Building liquidity through
sale & lease back
Selling and leasing back self-occupied company-owned real estate, simultaneously, unlocks capital and creates equity available for investments and growth
Most important reasons for a sale & lease back transaction
Especially in times of high real estate valuations the market value of a property is often above its book value. Hidden reserves can be transformed into balance sheet equity.
Unlock liquidity for investment in operations or corporate growth.
Adjust the capital structure
Possibility to optimise the capital structure such as debt amortisation or return of capital to shareholders by means of distributing a dividend.
Improved operational flexibility
Possibility to evaluate stay or go at the end of the lease term. A sale and lease back transaction can be a long-term exit strategy in a win-win-situation with the investor.
Sale and lease back – liquidity when you need it
Raising capital from your company’s property by selling and leasing back individual assets or whole portfolios can be highly beneficial. Monetising your real estate can help:
1. Release of tied up financial resources and realization of hidden reserves.
2. Creation of liquidity and better liquidity ratios.
3. Unlock capital for business operations such as investments or growth.
4. Momentum strategy with currently high property valuations.
5. Early exit scenario before a property becomes a problem in the event of a separation from properties that will be redundant in the future.
We have a wide expert knowledge in structuring, executing and negotiating sale and lease back transactions. We follow a holistic commercial approach by connecting your operational and financial targets.
Sale & Lease Back – Why and how ?
Selling a property and simultaneously leasing it back – a conversation with Lars Frölich
Everything you need to know about financial and operationsal benefits from a sale and lease back transaction, how the rent is defined and resulting rights and obligations.
Our track record
108 successful transactions in Switzerland with a total of >225 properties
Thereof, 29 are executed sale and lease back transactions in Switzerland with >50 properties in sum
CHF 11.5 billion
The grand total of all Swiss transactions is > CHF 11.5 billion.

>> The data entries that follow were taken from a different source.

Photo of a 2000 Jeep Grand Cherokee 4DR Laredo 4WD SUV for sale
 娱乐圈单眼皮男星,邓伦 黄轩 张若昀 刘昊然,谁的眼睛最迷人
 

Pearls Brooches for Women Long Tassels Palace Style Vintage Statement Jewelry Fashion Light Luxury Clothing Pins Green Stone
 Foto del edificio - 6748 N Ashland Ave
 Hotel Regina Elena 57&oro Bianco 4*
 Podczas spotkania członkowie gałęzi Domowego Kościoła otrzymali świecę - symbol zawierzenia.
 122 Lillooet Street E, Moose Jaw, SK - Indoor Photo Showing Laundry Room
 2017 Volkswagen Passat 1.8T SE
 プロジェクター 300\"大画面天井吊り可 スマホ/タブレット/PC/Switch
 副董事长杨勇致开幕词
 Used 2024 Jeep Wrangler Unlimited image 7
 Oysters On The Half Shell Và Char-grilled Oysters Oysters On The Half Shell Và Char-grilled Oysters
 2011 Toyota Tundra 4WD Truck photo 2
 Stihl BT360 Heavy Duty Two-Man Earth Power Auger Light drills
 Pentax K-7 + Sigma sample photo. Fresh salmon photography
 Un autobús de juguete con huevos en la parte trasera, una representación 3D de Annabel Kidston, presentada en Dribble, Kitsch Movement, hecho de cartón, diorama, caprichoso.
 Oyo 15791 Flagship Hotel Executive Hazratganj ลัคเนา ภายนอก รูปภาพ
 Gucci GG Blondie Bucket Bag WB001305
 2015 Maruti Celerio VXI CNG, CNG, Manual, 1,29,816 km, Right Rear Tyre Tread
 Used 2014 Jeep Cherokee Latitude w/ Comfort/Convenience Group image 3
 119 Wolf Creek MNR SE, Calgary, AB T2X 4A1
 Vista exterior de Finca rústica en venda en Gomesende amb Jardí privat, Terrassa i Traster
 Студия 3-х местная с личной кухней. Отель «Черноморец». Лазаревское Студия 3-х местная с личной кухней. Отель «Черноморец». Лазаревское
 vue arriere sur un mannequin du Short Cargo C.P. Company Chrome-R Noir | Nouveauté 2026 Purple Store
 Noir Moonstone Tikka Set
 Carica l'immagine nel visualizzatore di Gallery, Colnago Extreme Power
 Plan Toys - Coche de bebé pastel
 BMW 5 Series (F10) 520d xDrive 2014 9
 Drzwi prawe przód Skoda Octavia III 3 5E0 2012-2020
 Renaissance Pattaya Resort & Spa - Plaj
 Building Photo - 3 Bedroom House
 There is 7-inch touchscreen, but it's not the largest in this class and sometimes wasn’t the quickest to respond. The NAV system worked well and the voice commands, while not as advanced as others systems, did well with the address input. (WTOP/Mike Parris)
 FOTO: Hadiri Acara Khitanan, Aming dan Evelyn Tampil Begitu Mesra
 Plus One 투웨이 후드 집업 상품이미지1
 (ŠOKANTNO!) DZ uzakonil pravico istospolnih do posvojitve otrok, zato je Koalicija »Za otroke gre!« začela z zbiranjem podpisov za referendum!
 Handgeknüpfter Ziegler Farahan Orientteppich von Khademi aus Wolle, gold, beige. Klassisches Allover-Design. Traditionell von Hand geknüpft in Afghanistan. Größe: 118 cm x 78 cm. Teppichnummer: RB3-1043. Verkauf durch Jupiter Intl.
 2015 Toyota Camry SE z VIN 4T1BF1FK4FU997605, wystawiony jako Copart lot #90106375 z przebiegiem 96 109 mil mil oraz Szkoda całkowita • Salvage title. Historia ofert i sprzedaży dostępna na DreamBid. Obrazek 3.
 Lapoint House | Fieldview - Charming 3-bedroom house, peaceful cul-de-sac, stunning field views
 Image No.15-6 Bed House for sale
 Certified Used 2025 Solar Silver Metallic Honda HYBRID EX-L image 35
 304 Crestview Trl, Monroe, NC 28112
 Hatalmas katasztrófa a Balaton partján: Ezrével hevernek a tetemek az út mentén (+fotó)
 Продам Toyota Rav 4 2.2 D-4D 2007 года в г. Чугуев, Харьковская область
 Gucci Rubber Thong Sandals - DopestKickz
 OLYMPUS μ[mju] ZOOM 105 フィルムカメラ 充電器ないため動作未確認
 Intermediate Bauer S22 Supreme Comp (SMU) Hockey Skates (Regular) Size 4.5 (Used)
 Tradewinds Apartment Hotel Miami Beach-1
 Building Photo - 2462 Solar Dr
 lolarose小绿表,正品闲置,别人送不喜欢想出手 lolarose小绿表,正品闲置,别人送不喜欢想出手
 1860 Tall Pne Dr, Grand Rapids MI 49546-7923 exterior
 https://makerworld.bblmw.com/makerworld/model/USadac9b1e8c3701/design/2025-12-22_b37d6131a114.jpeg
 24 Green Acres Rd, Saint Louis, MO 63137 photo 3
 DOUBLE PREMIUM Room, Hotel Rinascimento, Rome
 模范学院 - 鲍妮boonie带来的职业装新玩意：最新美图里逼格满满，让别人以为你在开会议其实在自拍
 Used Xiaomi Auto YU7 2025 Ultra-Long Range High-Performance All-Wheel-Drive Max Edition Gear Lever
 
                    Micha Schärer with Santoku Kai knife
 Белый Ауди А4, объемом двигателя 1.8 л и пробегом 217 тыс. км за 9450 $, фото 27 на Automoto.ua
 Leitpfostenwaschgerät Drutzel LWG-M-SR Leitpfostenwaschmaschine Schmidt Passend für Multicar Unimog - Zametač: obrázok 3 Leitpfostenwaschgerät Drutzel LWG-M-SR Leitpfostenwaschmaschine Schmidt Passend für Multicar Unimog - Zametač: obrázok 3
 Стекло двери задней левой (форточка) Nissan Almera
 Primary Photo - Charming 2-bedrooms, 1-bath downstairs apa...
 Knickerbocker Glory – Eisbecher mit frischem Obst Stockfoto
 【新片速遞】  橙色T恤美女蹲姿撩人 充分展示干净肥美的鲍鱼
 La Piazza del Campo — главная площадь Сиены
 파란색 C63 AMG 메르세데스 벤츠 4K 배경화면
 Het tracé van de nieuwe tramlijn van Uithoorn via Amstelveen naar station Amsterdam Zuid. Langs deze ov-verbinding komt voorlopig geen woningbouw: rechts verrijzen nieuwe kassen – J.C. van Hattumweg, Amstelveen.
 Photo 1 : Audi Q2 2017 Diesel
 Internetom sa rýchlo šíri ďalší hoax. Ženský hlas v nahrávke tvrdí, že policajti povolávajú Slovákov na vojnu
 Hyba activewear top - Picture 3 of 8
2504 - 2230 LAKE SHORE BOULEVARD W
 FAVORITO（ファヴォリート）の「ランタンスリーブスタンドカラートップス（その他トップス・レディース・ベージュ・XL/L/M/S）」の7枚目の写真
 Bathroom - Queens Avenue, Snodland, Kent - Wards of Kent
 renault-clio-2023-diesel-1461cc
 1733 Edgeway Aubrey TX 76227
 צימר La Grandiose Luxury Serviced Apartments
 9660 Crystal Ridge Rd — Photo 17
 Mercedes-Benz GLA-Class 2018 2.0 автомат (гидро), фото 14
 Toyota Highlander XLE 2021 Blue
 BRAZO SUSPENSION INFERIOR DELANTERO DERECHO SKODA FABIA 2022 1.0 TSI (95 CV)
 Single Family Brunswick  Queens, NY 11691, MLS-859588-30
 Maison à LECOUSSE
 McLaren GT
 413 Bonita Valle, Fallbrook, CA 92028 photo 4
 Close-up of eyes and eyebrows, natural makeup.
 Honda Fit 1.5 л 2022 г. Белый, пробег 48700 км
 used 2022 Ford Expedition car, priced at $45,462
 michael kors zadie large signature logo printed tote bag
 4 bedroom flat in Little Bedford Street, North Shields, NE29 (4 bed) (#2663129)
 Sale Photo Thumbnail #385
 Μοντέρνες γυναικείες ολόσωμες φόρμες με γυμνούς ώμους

Thereof, > CHF 4.6 billion are executed sale & lease back transactions
We have been the first ones to institutionalise the reverse auction to optimise the ratio of rent and purchase price
Leading digital tools to execute a transaction most convenient for investors as online as possible and to maximise multimedia use for more emotions
Global and local
JLL Switzerland combines the advantages of a customer-oriented national organization with the strength and professionalism of a global company
Selling and leasing back a property creates several conflicts. An overview of the most important tensions in which JLL comprehensively advises you:
Maximizing the transaction’s gain vs. lower rent and higher profitability in the future
The classic one among the conflicts, commonly known as the management generation conflict. It’s the question about today’s transaction gain or tomorrow’s corporate gain.
Capital market’s view:
On the one hand market and contractual rents are compared. On the other hand affordability and default risk of the tenant are analysed. A possible auction process variation is a tactical combination of maximizing the sales price and simultaneously minimizing the rent.
Operating flexibility by means of a short lease back term vs. maximising the sales price through a long-term lease back
From an operating flexibility point of view, the lease back term should be kept as short as possible with the most possible number of short-term extension options. In order to maximize the property’s sales price the lease back term should be as long as possible to create long-term income stability.
Capital market’s view:
The property’s characteristics for alternative uses, such as location, usage and flexibility are decisive for the expected income stability and tenant dependency.
Full operational control and flexibility vs. low maintenance obligations
Interfaces and the list of responsibilities according to the lease agreement define control and flexibility. A typical base rule is “operations first” meaning that the lease agreement should provide the highest possible flexibility within the property to the tenant. However, this comes along with seller-tenant’s obligations to maintain the property, too.
Capital market’s view:
Typically, there is information asymmetry about the property’s building conditions. Allocating future maintenance obligations at the seller-tenant can prevail unnecessary risk premia by the buyer. Such structuring also makes a real estate investment passive, which is often a investment characteristic strived for.
Good to know
Selling and leasing back a property with reduced alternative uses is rather corporate financing. Thus, real estate investors treat the transaction as such and the seller-tenant is analysed accordingly.
Criteria to determine the alternative use are location and degree of specification for the user and usage.
The higher the degree of specification of a property the lower the alternative use possibilities, the longer is the required minimum lease term.